When I worked in the U.S., the agency media director responsible for the McDonald's business had a framed quote from the CMO on his office wall. It read: "Media is far too important to be left to media people."

I was never sure if this was meant as a compliment or a put-down, but what is for sure is that even then (the early 1990's) large advertisers like Procter and Gamble, Coca-Cola, Unilever and McDonald's took the detail of how hundreds of millions of their dollars was spent seriously.

There were some fearsome advertiser media directors around at the time, but their focus (like their counterparts in agencies) was on the price paid. Planning was something of an after-thought, even a post-rationalization – indeed, at my agency the U.S. media guys were called buyer-planners, not planner-buyers.

I was always brought up to believe that agencies were there to advise, not merely to react. And even though we sometimes needed reminding that it was at the end of the day the advertiser's money and thus their final decision, we should never be backwards in coming forward.

There are certainly as many smart people in media agencies today as there used to be, but their skills may not always be aimed at the right targets.

New technology solutions focussed on such as optimizers, or new ways of dividing up an audience into ever-smaller segments, are all very well as far as they go. But we're in danger of falling into the 'how many angels …' trap.

For example, why is extreme personalization a good idea? There are a whole host of arguments to suggest that most of the time it isn't. If it isn't, why bother building a system to do it?

All of which is a long preamble to get us back to the cross-media measurement debate.

This may be a lot less sexy than personalization, but it does matter in that it improves how advertisers spend their money, not just where they spend it. In other words, a system that helps with planning decisions, to sit atop the executional buying currencies.

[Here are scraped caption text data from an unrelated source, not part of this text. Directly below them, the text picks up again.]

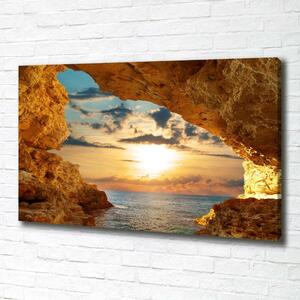 Foto obraz na plátně Jeskyně nad mořem oc-62368533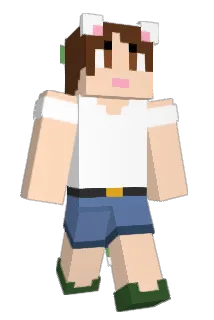 PapayaVega Minecraft avatar full body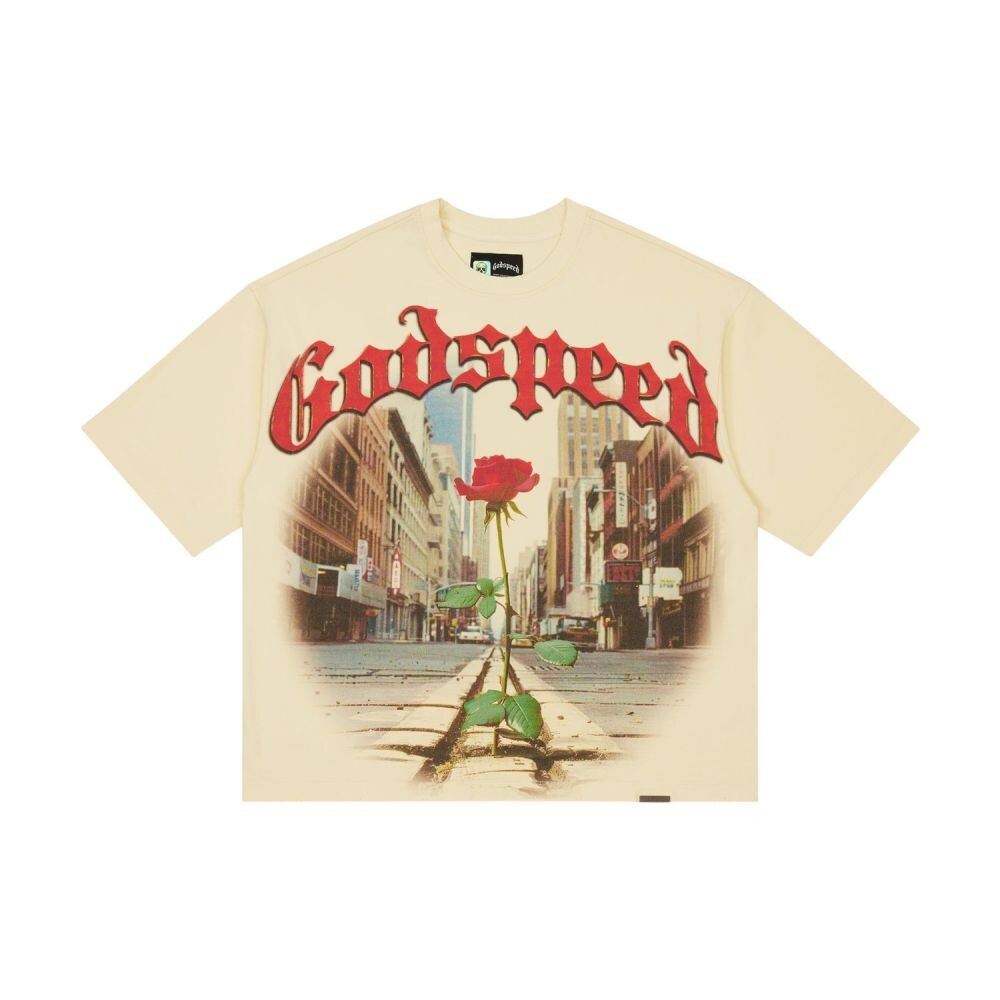 Godspeed Concrete Rose Men's T-Shirt Bone gdspd24-bn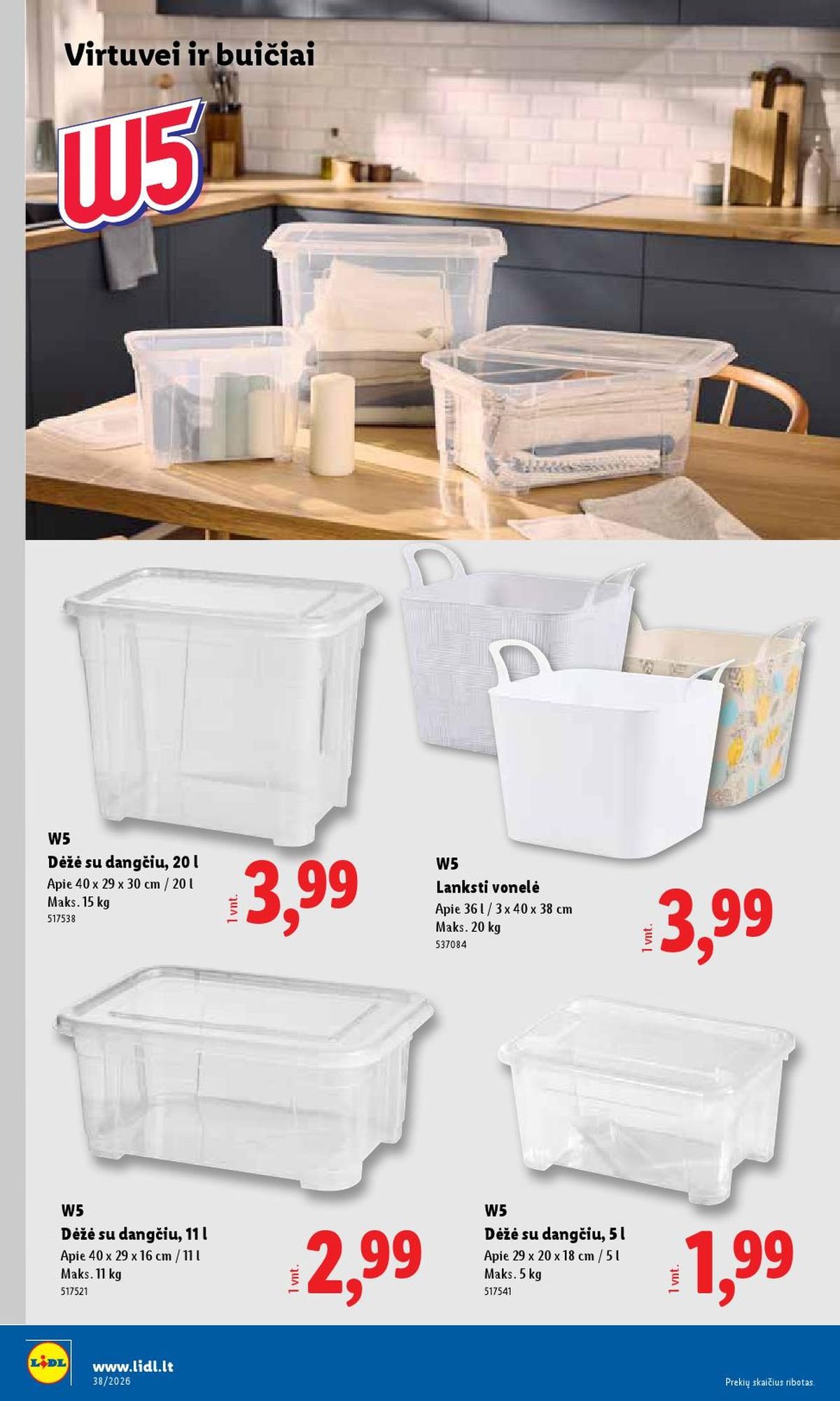 LIDL - Ne maisto prekių pasiūlymai (2026 09 14 - 2026 09 20)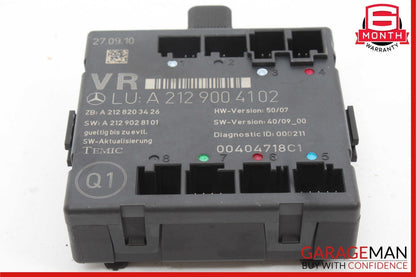 08-14 Mercedes W204 C300 C250 Front Right Side Door Control Module Unit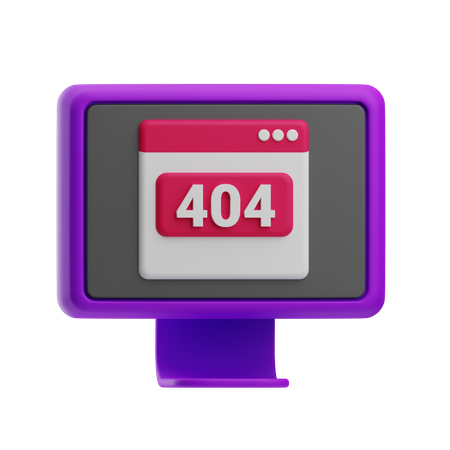 404 Fehler  3D Icon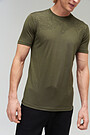 Fine merino wool short sleeve t-shirt 3 | GREEN/ KHAKI / LIME GREEN | Audimas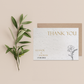 Simple Lines - Thank You Card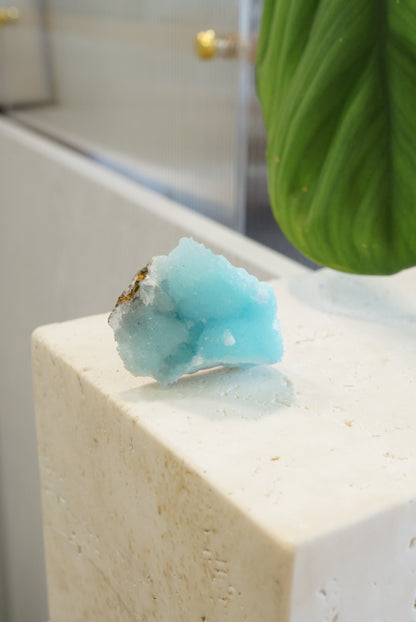 藍霰石/ 藍文石原石 Raw Blue Aragonite - ART OF GEM 
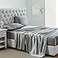 Lanest Housing Silk Satin Sheets King Size Satin Bed Sheet Set with Deep Pockets Cooling Soft and Hypoallergenic Satin Sheets King Light Gray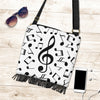 Musical Note Boho Handbag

This is what the U.K. advertiser association ISBA is aiming for with its Origin project.

Any cross-media framework has to aim at delivering something that helps advertisers decide on how best to allocate funds and effort between (say) advertising, PR, sponsorships, events and the rest, as well as between ad media forms (so, video versus online print versus search), and within media forms (so, broadcast TV versus streaming versus YouTube, TikTok and the rest).

Origin is following a pyramid approach; the ISBA team started off focussing on within-video, and now, through the inclusion in the project of non-video players (like the PAMCO / Ozone axis) are broadening from that base

A couple of weeks ago I was rather cynical about Origin. Although I've never doubted the ambition, I questioned whether or not the funding was in place to deliver, and as a result whether the trade body had access to the right resources.

ISBA, in the form of their DG, Phil Smith, and the Origin project lead, Richard Halton, provided a useful update.

The ISBA team talks of a vision along the lines of a Greek temple, with the currency measures delivered by the JICs as the pillars and the cross-media framework as the lintel at the top.

Significantly, Origin now has 25 advertiser supporters, up from six, as well as an involvement from GroupM, Omnicom and Publicis. Funding is improving, as advertisers realize that they need to pay for the work. Progress is being made in what I can well imagine must be a challenge with the JICs, specifically BARB and their broadcast masters.

The whole cross-media debate started and continues as an attempt to meet a very real advertiser need. In this it is entirely different from the JICs, which exist primarily to meet media owner needs.

It is foolish to see one as replacing the other, but we do need to raise our eyes above measuring impacts / exposures / ratings.

You don't dump something that works well; but, at the same time you don't limit your ambitions to keeping on doing the self-same thing, even if you do it more efficiently or technically better.

Audience measurement has had a limited ambition forever.

It's time to think bigger. The future of audience measurement is too important to be left to the audience researchers.